**Dataset extract**.
********

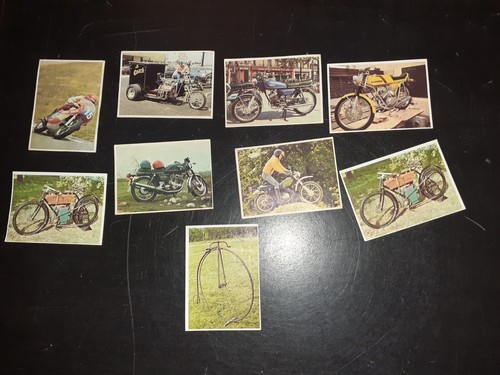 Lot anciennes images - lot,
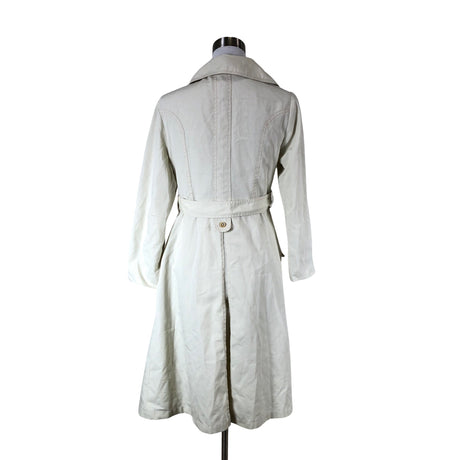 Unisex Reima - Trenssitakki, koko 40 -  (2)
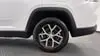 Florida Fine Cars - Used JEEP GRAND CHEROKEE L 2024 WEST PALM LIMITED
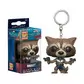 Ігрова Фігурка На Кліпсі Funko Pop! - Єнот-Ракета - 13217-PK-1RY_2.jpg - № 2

********

**What to produce**.
Starting at the line that contains "Unisex Reima - Trenssitakki, koko", retype each line through the end of the data exactly, and leave out every picture.

**Result of this exercise**.
 Unisex Reima - Trenssitakki, koko 40 -  (2)
 Florida Fine Cars - Used JEEP GRAND CHEROKEE L 2024 WEST PALM LIMITED
 Ігрова Фігурка На Кліпсі Funko Pop! - Єнот-Ракета - 13217-PK-1RY_2.jpg - № 2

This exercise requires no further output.